How to mantain special ASCII characters

3d1l

Hi,

I’m using notepad++ to keep notes. I type using C language because it allows me to edit sections of text that I can expand and collapse using { }. I’m using special ASCII codes for arrows, bullets and others, like ALT 16 ►, ALT 17 ◄, ←. After saving the file and re-openig it, Notepad++ replaces the characters with DEL, DC1, ETB, etc. The only ones that it keeps are ALT 254 ■ and ALT 251 √. Is there a way to keep the special characters?

guy038

Hi, 3d1l,

I suppose that your Window OEM codepage, for your system, is OEM 437 ( Encoding > Character Sets > Western European > OEM US )

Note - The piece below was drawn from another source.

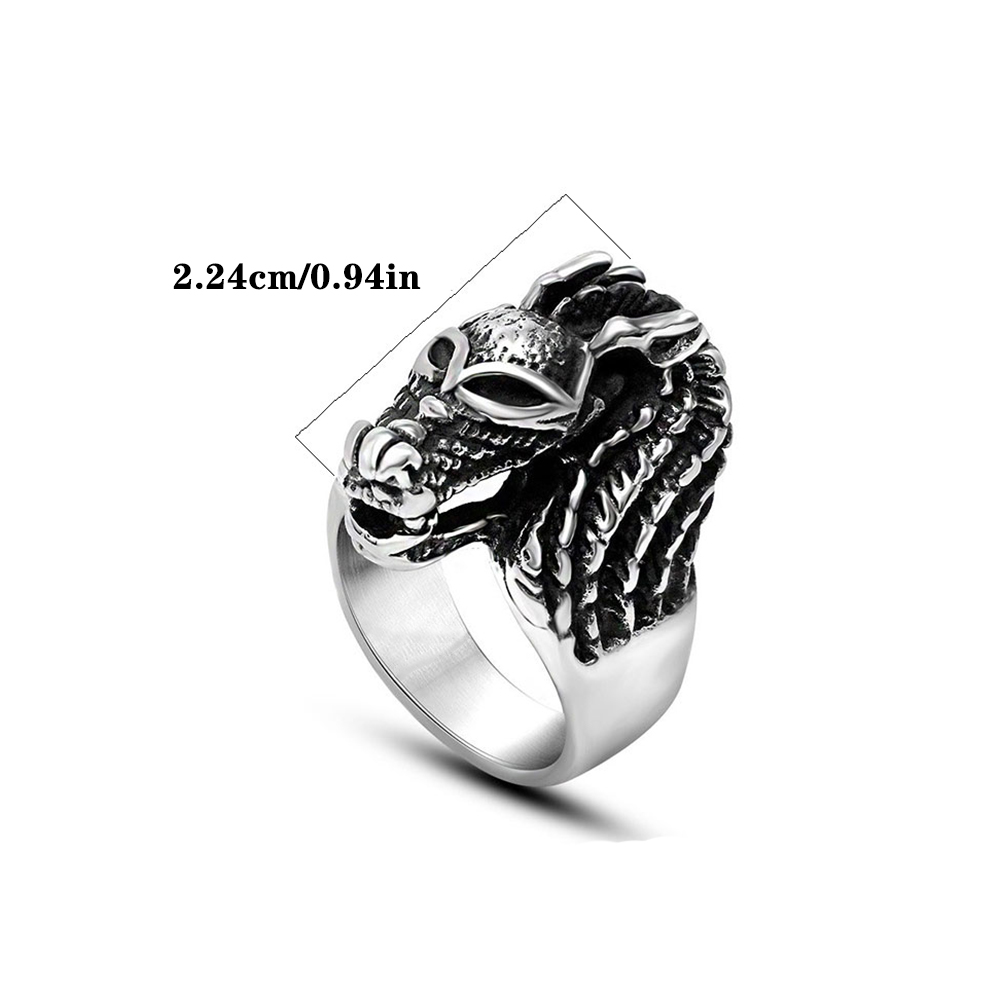 Retro Cool Style Skull 304 Stainless Steel Unisex Rings display picture 12
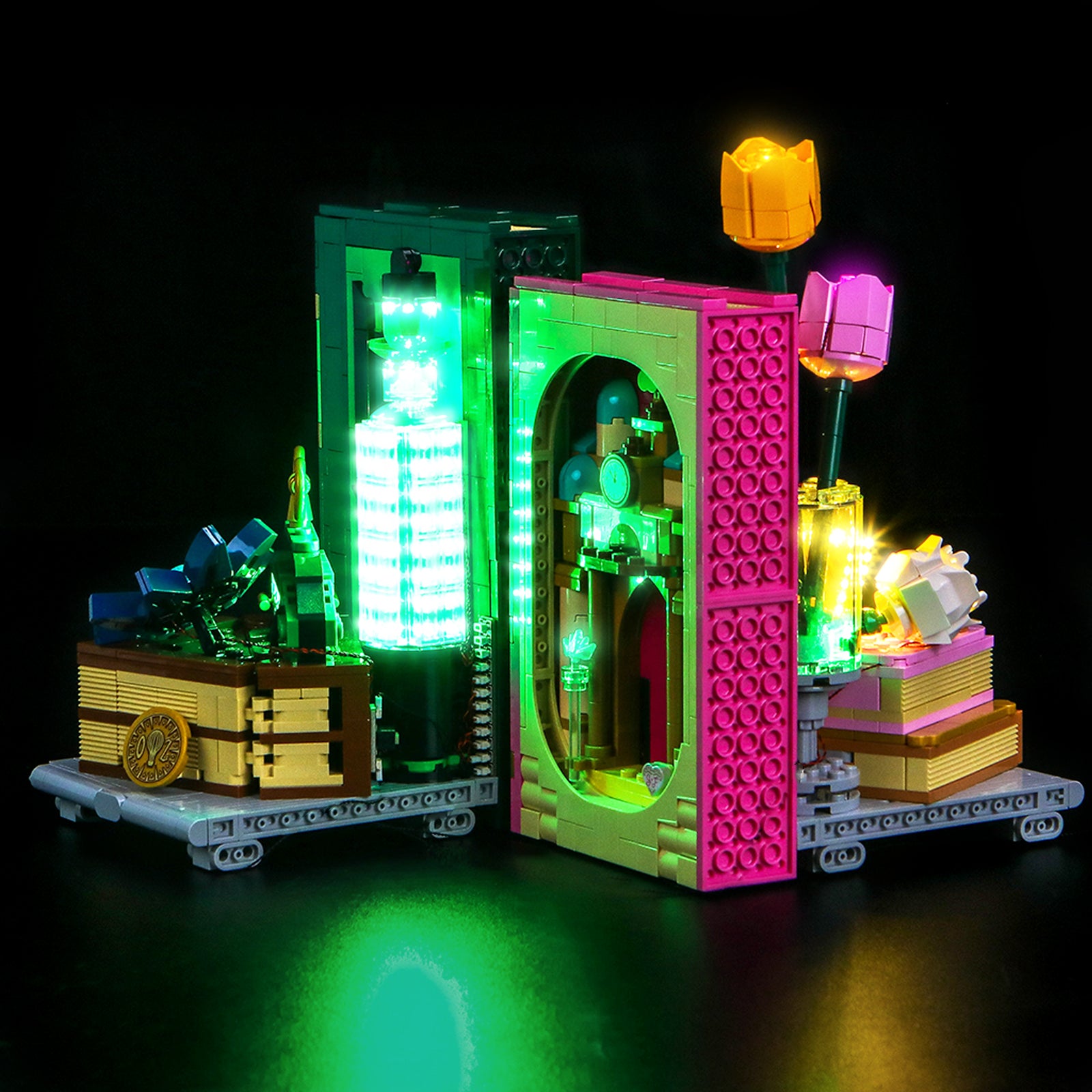 LED Light Kit for LEGO Wicked Glinda & Elphaba Bookends 75691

If you open the Character Panel ( Edit > Character Panel ) it easy to verify, for instance, that characters, as the symbols ► and ◄, do NOT exist in the OEM 437 encoding and are simply replaced by the C0 Control characters DLE and DC1( of Unicode value 0016 and 0017 ) !

You should use an Unicode encoding ( Encode as UTF-8, Encode as UTF-8 with BOM, UCS-2 BE BOM or UCS2 LE BOM ), which are the only encodings able to display an huge amount of characters/symbols, providing that your current N++ text font can display them !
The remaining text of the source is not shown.